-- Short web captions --
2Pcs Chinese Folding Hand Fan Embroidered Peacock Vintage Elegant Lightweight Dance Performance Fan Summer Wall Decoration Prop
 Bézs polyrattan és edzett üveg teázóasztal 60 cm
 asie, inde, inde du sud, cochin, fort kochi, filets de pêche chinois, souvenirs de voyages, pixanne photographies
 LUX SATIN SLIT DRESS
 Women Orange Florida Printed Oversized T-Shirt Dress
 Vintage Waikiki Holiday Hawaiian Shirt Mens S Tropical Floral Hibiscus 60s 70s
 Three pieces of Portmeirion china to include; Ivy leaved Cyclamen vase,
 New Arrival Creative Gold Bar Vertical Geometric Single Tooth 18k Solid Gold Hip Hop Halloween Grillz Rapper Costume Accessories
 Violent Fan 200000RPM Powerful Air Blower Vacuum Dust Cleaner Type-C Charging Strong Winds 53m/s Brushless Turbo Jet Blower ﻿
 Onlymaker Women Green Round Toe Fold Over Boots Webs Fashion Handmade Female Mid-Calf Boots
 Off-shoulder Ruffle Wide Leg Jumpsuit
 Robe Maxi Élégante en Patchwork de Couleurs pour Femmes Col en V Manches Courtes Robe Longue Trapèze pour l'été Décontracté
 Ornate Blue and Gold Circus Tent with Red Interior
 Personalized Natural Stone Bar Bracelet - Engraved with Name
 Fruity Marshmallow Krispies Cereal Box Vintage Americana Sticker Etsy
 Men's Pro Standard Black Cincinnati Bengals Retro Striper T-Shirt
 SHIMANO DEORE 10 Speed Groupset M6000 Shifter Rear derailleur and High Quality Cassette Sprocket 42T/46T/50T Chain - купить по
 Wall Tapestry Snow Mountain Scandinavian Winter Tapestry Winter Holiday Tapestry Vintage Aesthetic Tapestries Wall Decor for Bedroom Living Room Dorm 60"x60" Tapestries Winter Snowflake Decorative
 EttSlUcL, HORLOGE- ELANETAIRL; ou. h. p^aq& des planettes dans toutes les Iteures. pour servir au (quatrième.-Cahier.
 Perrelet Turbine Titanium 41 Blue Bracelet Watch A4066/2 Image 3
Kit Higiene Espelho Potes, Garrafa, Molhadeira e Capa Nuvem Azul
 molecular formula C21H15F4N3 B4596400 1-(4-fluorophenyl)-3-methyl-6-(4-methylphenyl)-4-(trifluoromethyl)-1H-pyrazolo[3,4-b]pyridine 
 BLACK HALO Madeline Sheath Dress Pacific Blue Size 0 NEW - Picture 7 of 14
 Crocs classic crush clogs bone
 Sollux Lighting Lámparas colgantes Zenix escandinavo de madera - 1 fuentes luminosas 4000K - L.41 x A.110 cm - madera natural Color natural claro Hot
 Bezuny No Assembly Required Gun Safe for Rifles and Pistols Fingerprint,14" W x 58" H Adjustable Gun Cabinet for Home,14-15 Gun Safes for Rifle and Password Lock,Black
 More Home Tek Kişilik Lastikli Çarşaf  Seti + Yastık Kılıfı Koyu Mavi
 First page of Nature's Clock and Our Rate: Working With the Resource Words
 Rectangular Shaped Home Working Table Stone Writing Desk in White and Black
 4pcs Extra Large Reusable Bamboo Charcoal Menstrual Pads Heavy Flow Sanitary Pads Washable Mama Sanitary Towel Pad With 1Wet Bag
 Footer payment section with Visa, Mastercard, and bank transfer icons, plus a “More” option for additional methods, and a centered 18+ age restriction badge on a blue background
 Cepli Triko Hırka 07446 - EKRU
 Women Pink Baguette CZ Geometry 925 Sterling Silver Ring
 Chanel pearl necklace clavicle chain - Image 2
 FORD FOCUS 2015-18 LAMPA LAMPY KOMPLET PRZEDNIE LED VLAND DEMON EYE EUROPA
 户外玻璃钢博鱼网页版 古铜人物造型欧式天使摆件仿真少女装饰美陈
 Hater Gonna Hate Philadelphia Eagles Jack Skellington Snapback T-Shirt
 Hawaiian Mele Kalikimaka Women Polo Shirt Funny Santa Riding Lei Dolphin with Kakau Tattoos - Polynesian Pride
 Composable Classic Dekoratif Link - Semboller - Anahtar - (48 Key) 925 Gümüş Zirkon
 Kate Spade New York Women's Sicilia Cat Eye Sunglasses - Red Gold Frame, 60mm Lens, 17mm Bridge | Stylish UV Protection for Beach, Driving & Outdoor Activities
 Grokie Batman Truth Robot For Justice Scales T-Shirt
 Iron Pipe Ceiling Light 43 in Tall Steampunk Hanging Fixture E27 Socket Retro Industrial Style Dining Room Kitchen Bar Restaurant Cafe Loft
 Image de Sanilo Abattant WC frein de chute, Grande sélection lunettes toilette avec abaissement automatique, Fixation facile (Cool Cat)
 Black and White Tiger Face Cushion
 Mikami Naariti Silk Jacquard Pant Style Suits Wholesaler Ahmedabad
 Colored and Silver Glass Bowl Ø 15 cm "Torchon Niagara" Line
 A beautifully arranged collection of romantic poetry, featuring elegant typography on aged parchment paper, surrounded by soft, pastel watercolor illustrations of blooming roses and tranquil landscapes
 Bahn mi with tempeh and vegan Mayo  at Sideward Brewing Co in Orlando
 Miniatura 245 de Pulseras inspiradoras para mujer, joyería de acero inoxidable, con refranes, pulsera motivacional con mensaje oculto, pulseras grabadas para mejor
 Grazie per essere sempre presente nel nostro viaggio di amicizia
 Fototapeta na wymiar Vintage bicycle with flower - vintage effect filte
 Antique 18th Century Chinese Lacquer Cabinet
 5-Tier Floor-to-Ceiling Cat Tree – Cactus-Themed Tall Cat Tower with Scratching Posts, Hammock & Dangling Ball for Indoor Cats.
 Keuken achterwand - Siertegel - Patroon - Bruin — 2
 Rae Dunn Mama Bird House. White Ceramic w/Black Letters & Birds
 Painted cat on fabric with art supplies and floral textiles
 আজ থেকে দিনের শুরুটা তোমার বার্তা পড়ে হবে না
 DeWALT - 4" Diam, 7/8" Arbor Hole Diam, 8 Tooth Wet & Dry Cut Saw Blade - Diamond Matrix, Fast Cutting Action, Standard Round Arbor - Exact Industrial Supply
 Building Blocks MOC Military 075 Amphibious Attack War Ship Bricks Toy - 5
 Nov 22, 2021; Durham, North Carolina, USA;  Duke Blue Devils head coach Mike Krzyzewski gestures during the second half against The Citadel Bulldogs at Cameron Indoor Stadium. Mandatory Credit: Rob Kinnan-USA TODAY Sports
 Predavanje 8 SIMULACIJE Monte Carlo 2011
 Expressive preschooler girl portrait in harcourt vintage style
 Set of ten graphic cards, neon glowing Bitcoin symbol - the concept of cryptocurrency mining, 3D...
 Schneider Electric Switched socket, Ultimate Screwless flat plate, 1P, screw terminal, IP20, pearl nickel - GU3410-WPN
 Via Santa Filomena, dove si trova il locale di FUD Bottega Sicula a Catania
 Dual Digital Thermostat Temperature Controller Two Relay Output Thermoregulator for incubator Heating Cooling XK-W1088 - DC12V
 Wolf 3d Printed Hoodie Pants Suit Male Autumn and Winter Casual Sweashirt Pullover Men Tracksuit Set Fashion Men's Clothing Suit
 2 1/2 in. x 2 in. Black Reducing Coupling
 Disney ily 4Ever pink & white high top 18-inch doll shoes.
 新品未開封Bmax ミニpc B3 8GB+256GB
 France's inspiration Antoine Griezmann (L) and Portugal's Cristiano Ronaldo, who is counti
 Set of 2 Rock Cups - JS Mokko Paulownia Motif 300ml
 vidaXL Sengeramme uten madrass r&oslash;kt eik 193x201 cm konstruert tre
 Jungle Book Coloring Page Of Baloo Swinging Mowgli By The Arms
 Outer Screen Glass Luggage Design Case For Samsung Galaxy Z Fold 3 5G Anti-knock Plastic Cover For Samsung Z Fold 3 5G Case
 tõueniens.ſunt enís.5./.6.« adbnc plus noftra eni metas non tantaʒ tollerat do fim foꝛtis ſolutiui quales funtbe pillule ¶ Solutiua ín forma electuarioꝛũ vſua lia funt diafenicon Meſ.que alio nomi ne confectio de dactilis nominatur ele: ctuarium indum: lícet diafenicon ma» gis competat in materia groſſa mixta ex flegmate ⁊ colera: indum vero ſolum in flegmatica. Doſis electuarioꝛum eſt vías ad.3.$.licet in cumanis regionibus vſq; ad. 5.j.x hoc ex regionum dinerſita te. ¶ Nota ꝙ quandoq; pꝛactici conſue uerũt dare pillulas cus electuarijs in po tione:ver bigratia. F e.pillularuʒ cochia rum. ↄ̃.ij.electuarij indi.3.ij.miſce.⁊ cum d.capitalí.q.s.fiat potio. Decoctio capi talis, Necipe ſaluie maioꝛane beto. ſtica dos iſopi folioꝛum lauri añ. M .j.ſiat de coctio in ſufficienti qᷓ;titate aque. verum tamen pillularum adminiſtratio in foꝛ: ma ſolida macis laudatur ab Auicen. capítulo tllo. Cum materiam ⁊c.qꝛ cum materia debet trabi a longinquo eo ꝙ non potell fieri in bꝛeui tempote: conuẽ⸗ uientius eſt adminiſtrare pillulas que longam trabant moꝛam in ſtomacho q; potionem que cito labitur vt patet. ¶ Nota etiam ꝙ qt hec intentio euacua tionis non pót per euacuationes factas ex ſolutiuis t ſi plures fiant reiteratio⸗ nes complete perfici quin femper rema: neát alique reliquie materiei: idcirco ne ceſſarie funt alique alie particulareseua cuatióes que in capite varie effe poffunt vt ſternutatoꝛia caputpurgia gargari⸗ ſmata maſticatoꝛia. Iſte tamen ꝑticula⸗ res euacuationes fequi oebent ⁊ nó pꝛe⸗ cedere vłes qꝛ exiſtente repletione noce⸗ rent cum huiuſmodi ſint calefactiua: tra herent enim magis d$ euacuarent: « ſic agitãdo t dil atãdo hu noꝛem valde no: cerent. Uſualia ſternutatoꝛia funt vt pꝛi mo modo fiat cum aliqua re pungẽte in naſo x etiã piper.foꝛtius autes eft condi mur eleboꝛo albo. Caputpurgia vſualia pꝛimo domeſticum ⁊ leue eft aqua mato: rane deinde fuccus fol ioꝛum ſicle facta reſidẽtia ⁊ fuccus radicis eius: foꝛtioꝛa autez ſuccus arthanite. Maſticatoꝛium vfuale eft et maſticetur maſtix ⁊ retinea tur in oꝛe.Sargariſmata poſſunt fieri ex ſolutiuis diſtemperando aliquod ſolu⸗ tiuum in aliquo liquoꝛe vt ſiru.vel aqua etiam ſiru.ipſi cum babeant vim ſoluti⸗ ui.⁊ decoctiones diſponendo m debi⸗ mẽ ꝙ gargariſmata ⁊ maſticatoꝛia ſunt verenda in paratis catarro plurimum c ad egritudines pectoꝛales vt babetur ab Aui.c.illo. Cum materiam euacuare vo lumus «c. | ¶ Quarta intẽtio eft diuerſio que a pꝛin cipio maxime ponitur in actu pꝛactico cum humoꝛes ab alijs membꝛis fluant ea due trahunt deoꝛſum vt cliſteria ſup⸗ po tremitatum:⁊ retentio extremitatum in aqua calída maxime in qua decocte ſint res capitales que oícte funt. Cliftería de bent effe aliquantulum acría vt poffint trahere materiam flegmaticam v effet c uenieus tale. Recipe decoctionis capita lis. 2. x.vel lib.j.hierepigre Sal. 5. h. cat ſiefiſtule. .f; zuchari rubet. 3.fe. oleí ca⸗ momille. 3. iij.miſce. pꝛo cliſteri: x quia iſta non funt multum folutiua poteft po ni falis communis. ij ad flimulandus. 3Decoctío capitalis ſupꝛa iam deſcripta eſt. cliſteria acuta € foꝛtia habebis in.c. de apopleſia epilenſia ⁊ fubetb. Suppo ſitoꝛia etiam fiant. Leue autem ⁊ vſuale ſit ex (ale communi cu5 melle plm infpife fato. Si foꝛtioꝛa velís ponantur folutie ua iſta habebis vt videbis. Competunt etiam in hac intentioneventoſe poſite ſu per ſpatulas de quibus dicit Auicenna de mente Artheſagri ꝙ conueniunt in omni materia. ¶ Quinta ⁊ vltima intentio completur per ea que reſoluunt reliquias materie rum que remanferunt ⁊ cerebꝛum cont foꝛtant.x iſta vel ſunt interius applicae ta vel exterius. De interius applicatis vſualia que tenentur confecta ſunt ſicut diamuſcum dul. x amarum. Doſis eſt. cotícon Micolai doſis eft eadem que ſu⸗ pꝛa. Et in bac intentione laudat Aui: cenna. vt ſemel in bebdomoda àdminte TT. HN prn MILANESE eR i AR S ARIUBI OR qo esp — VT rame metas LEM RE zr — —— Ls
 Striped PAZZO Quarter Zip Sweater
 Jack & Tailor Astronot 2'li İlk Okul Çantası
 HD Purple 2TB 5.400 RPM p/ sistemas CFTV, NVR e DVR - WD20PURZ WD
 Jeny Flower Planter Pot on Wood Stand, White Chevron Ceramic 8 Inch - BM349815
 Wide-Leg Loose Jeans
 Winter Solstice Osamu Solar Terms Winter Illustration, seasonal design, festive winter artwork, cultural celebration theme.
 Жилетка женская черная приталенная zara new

-- Task goal --
Out of the entries above, write out only the lines between the line holding "Men's Pro Standard" and the line holding "SHIMANO DEORE 10", inclusive, each exactly as given.

-- Your response --
 Men's Pro Standard Black Cincinnati Bengals Retro Striper T-Shirt
 SHIMANO DEORE 10 Speed Groupset M6000 Shifter Rear derailleur and High Quality Cassette Sprocket 42T/46T/50T Chain - купить по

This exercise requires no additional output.